Hoy, 10 de noviembre, la Iglesia Católica celebra a uno de los pontífices más célebres de la antigüedad cristiana, cuya influencia fue determinante en la consolidación de la autoridad espiritual de la Sede de Pedro frente al poder terreno: San León Magno, doctor de la Iglesia y pontífice número 45 entre los años 440 y 461.
San León Magno nació en Toscana (hoy Italia), alrededor del año 390. Llegó a ser secretario de los Papas San Celestino y Sixto III. Este último lo envió, en el año 440, como representante en una misión diplomática en la Galia, con el objetivo de evitar el enfrentamiento entre dos autoridades imperiales: el jefe militar de la provincia, Aecio, y el tribuno consular de aquella región, Albino. Fue precisamente durante el cumplimiento de este encargo que León recibió la noticia de que había sido elegido Sumo Pontífice.
Servidor de la verdad
Como sucesor de Pedro, León destacó por ser un gran pastor, atento a las necesidades de su grey, fervoroso predicador en las fiestas litúrgicas y prolífico escritor de cartas a los cristianos de las periferias de Occidente. De él se conservan numerosos sermones escritos y misivas, consideradas auténticos tesoros doctrinales.
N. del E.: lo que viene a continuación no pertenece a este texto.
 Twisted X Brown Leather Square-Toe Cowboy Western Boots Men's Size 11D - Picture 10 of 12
“El que ama a Dios se contenta con agradarlo porque el mayor premio que podemos desear es el mismo amor; el amor, en efecto, viene de Dios, de tal manera que Dios mismo es el amor”, escribió San León Magno enseñando que en la vida cristiana todos estamos invitados a arrebatar el premio más grande, que es Dios mismo, y que en consecuencia la santidad debe ser el propósito natural de nuestra vida, ya que no hay nada que se desee más que el amor verdadero.
Durante sus 21 años de pontificado (440-461), el santo trabajó incesantemente por la unidad e integridad de la Iglesia, y luchó contra numerosas herejías como el “nestorianismo” (que afirma que en Jesús había dos personas separadas, una divina y otra humana), el “monofisismo” (que cree que en Cristo solo hay naturaleza divina), el “maniqueísmo” (que dice que el espíritu del hombre es de Dios y el cuerpo del demonio) y el “pelagianismo” (que sostiene que el pecado original no es tal y por lo tanto la redención se obtiene por mérito individual, sin necesidad de la gracia, haciendo inútil la redención de Cristo).
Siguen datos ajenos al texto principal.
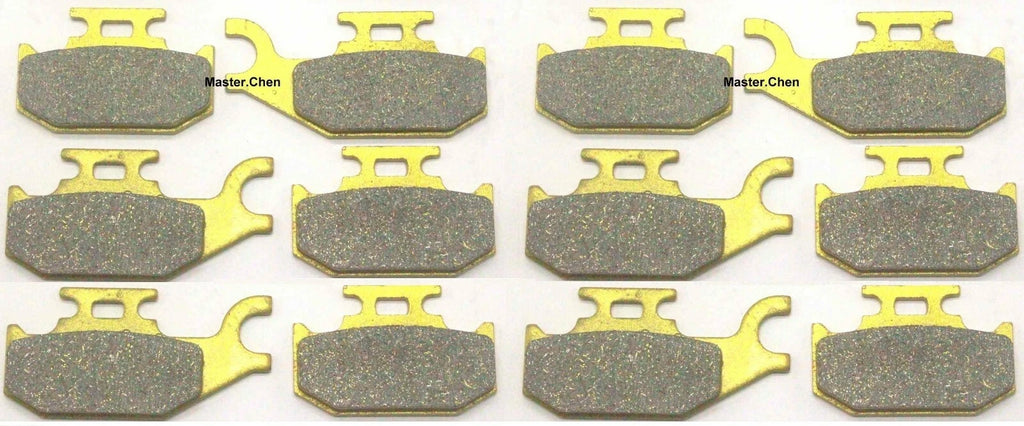 12 Brake Pads for Can Am Outlander ATV 400 500 650 800 (2007–2011)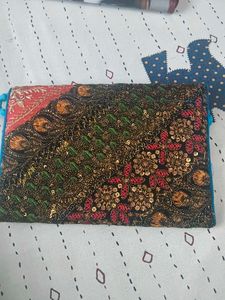 Embellished sling Bag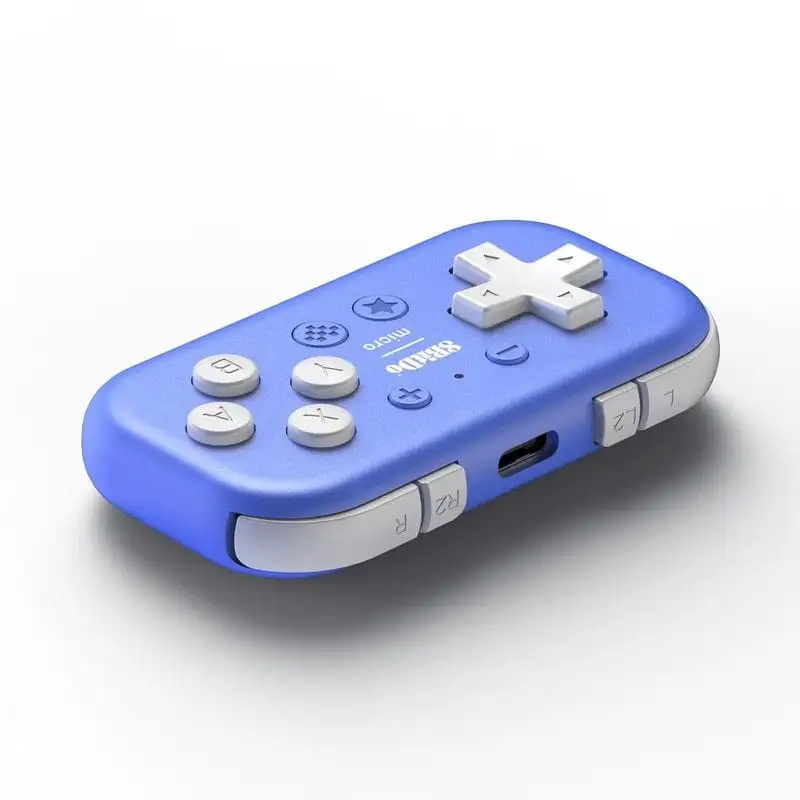 Gamepad 8BitDo Micro Bluetooth Azul – Controlador Nintendo Switch/Android - Image 4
Toda autoridad viene de Dios
La tradición señala a León como un pontífice lúcido y muy sabio, al punto que todos reconocían su autoridad, incluso quienes ostentaban el poder secular.
En un episodio memorable, acaecido durante el Concilio de Calcedonia (451), los 600 obispos congregados en asamblea se pusieron de pie, en señal de adhesión, luego de haber escuchado la carta que San León les había dirigido (Carta dogmática a Flaviano, Tomus Leonis). En ella, el Papa hacía referencia a la plena divinidad de Cristo y a su plena humanidad: contra la herejía cristológica de aquel momento, León afirmaba la total consustancialidad de Cristo con el Padre, por su divinidad, y su total consustancialidad con nosotros, por su humanidad. Ergo, Cristo no podía ser considerado menos que el Padre, en el orden divino, ni menos hombre que cualquiera de nosotros. La aclamación de la asamblea fue tal que muchos empezaron a decir que “San Pedro había hablado por boca de León”; palabras que quedaron consignadas en la declaración dogmática del concilio.
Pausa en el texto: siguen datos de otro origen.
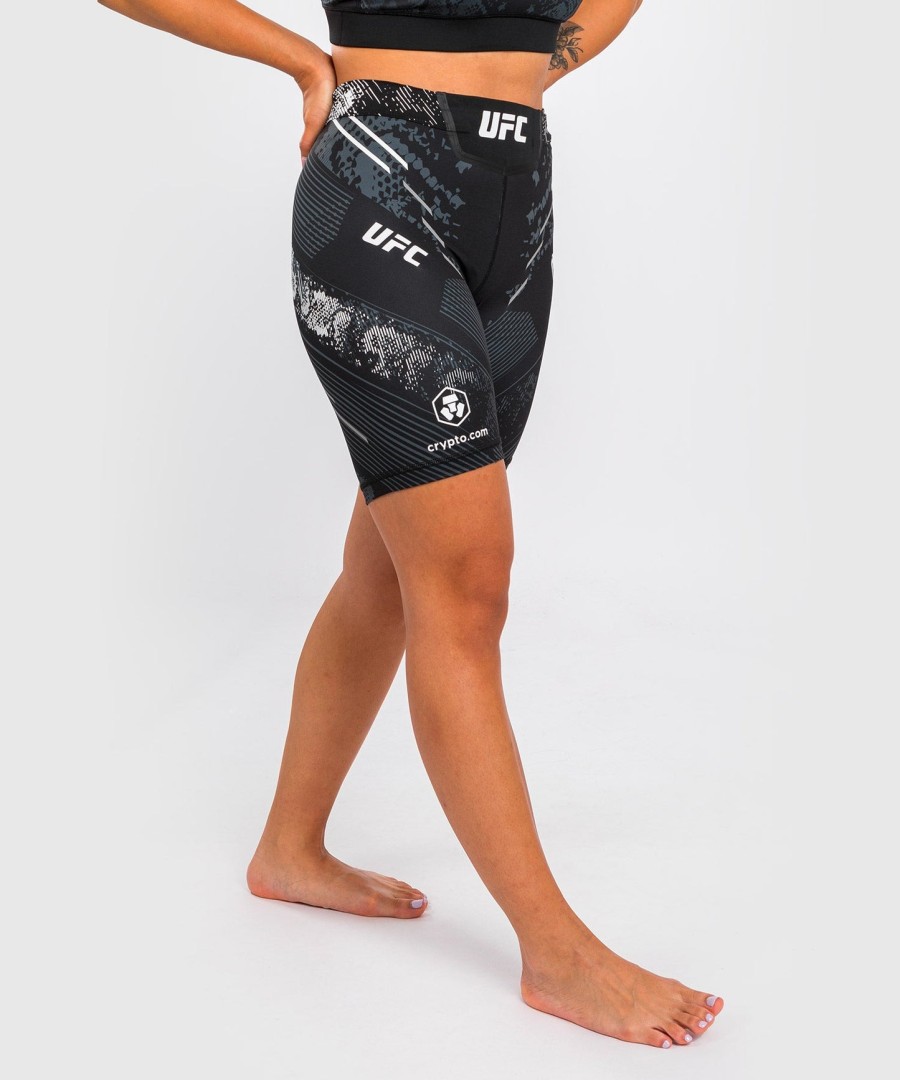 ufc adrenaline by venum authentic fight night naisten vale tudo shortsit - pitkä leikkaus - musta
Por otro lado, por aquellos años, la estructura del Imperio Romano de Occidente estaba cada vez más deteriorada y había gran inestabilidad, por lo que el Papa León tuvo que cumplir un papel decisivo en el ordenamiento de la vida civil y política. Cuando los hunos, liderados por Atila, habían ocupado el norte de la península itálica, se temía la invasión y destrucción de Roma. Entonces, el Papa León salió al encuentro del líder de los hunos y lo disuadió de ingresar a la ciudad (año 451). Así, el temido bárbaro tomó rumbo hacia Hungría, probablemente convencido de que una campaña contra Roma no podría ser afrontada con huestes golpeadas por las carencias y enfermedades. Años después, en 455, San León se vio obligado a negociar con otro feroz bárbaro, Genserico, jefe de los vándalos, y aunque no pudo evitar el saqueo de la capital del Imperio, logró que la Ciudad Eterna no fuese incendiada, ni sus habitantes masacrados.
Epílogo
San León I murió el 10 de noviembre de 461, ya con el apelativo de “Magno” (El Grande) ganado por su amor al pueblo, en honor a su sabiduría y por su grandeza espiritual. Fue canonizado más de mil años después, en 1574.
“Las mismas divinas palabras de Cristo nos atestiguan cómo es la doctrina de Cristo, de modo que los que anhelan llegar a la bienaventuranza eterna puedan identificar los peldaños de esa dichosa subida” (San León Magno).